Search code examples
pythonjsonapache-kafkaaws-lambdaaws-msk

Kafka sends value as a string: How can I deserialize it and turn it into a JSON object with Python


I am trying to consume MSK (managed Amazon Kafka service) messages from a lambda function - MSK is the trigger of my lambda.

The producer looks like this:

data = {'time': 1611215510000000000, 'tags': {'tag1': 'tagvalue'}, 'fields': {'value': 12345}}
self.producer = KafkaProducer(
            security_protocol=self.security_protocol,
            bootstrap_servers=self.kafka_servers,
            value_serializer=lambda x: dumps(x).encode('utf-8'))
self.producer.send(kafka_topic, value=data)

In the lambda function, I receive the following:

{
   "eventSource":"aws:kafka",
   "eventSourceArn":"<arn....>",
   "bootstrapServers":"<serverlist...>",
   "records":{
      "topic-0":[
         {
            "topic":"topic",
            "partition":0,
            "offset":0,
            "timestamp":1611138328871,
            "timestampType":"CREATE_TIME",
            "value":"eyJ0aW1lIjogMTYxMTEzODI4MDAwMDAwMDAwMCwgInRhZ3MiOiB7InN0YXR1cyI6ICJHb29kIn0sICJmaWVsZHMiOiB7InZhbHVlX251bSI6IDAuMCwgInZhbHVlIjogZmFsc2V9fQ=="
         },
         {
            "topic":"topic",
            "partition":0,
            "offset":1,
            "timestamp":1611138330033,
            "timestampType":"CREATE_TIME",
            "value":"eyJ0aW1lIjogMTYxMTEzODI4MDAwMDAwMDAwMCwgInRhZ3MiOiB7InN0YXR1cyI6ICJHb29kIn0sICJmaWVsZHMiOiB7InZhbHVlIjogMTQxMzUuMH19"
         }
    ]
  }
}

I'd like to transform the value strings to JSON objects. How could I do it?
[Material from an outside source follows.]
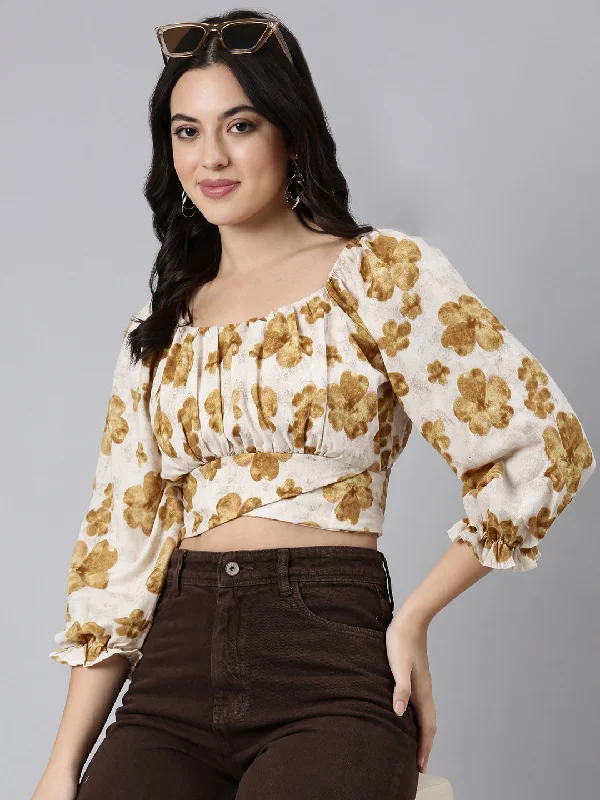 CroptoptrendsetterWomen Floral Blouson Beige Crop Top-8119-Beige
I've tried a lot of versions, the one I thought should work throws an exception (Exception: Expecting value: line 1 column 1 (char 0))

records = event['records']['topic-0']
for record in records:
    print(json.loads(record['value']).decode('utf-8'))

Solution

  • The value strings seem base64 encoded, so you need to find a way to decode them. Then you can load them.

    The first string decoded using https://www.base64decode.org/:

    {"time": 1611138280000000000, "tags": {"status": "Good"}, "fields": {"value_num": 0.0, "value": false}}